Terraform
Invoke an action
Actions are preset operations built into providers that let Terraform perform day-two operations. Invoke actions to trigger automations outside of Terraform, such as Ansible playbooks and Lambda jobs. Actions do not affect resource state.
Note
This feature is currently in beta. Do not use beta functionality in production environments.
Overview
Declare an action
block in your Terraform configuration and apply your configuration or use the Terraform CLI to invoke the action. You can configure actions that aren't directly associated with a resource. These actions don't change the state of resources managed by Terraform.
Requirements
The AWS provider is the only provider that includes actions. As a result, you can only invoke AWS actions. Refer to the AWS provider documentation for more information about available actions.

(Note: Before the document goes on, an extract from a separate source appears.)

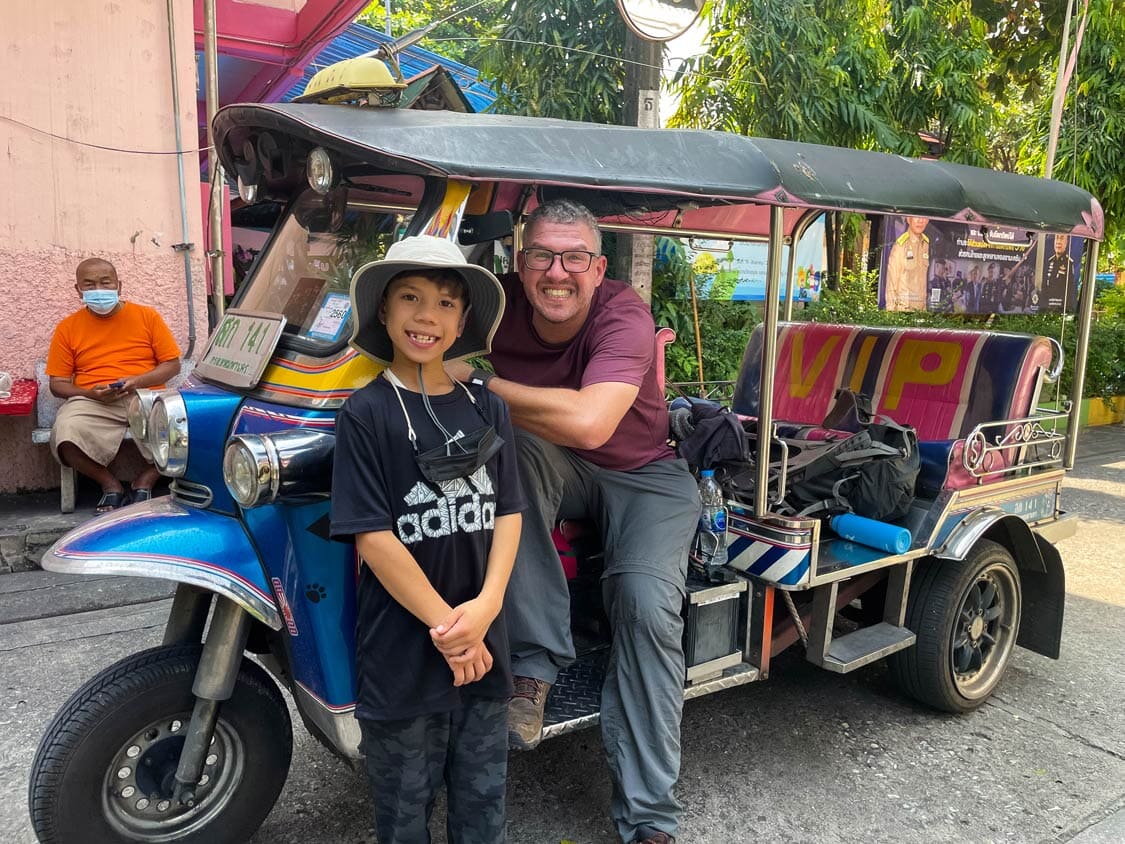 A father and son pose inside a tuk tuk in Bangkok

To monitor actions in HCP Terraform, you must configure a connection to HCP Terraform in your Terraform configuration. Refer to Connect to HCP Terraform for instructions.
Configure an action
Add an action
block to your Terraform configuration and specify the type and a label as inline arguments. The type of action depends on your provider. Refer to your provider documentation for details about available actions.
The following example declares an aws_lambda_invoke
action labeled example
:
action "aws_lambda_invoke" "example" {
# ...
}
Configure provider arguments
Use the config
block to configure provider arguments. The config
block may contain arguments or other blocks. Refer to your provider documentation for more information.
The following example adds an aws_lambda_invoke
action that references "my_function"
defined elsewhere in the configuration and passes a JSON payload into the function.
action "aws_lambda_invoke" "example" {
config {
function_name = "my_function"
payload = jsonencode({
key1 = "value1"
key2 = "value2"
})
}
}
Refer to the AWS provider documentation for information about provisioning AWS Lambda functions.
Configure Terraform meta-arguments
You can use some Terraform meta-argments in action
blocks. Meta-arguments are built into Terraform and control how Terraform creates resources. Refer to Meta-arguments for more information.
In the following example, Terraform creates three instances of the action because the count
meta-argument is set to 3
. It also uses the provider configuration reference with aws.alias
per the provider
meta-argument. Refer to the action
block reference for information about all meta-arguments supported in the action
block.
action "aws_lambda_invoke" "example" {
count = 3
provider = aws.alias
config {
function_name = "my_function"
payload = jsonencode({
key1 = "value1"
key2 = "value2"
})
}
}
Invoke the action
You can use the Terraform CLI to run an action or configure a resource
block to trigger the action during an apply operation.
Invoke an action from the CLI
When you invoke an action using the CLI, Terraform runs only the action and excludes all other configurations.
Add the -invoke
flag and specify the address of an action when running the terraform plan
or terraform apply
command.
The following example creates a plan for invoking the aws_lambda_invocation.example
action:
$ terraform plan -invoke=action.aws_lambda_invoke.example
Refer to the terraform plan
command documentation for more information about creating plans.
The following example runs the aws_lambda_invocation.example
action:
$ terraform apply -invoke=action.aws_lambda_invoke.example
Refer to the terraform apply
command documentation for more information about applying configurations.
Trigger an action when applying a configuration
To trigger an action on resource lifecycle events, such as creating or destroying a resource, configure an action_trigger
block and specify the action to run and the events that trigger the action. The action_trigger
block is a member of the lifecycle
block nested in a resource
block. Refer to the action_trigger
documentation for details about configuring the block.
In the following example, Terraform invokes the action.aws_lambda_invoke.example
action after creating the aws_lambda_function.example
resource. Terraform also invokes the action during a terraform apply
operation if the resource
block configuration changes.
resource "aws_lambda_function" "example" {
# resource config
lifecycle {
action_trigger {
events = ["after_create", "after_update"]
actions = [action.aws_lambda_invoke.example]
}
}
}
Terraform invokes the action when you run terraform apply
and are creating the resource for the first time. This is because one of the event
triggers is after_create
.
Because the event
argument includes after_update
, Terraform also updates the resource on terraform apply
, even without changes to the configuration, when it detects drift in the resource.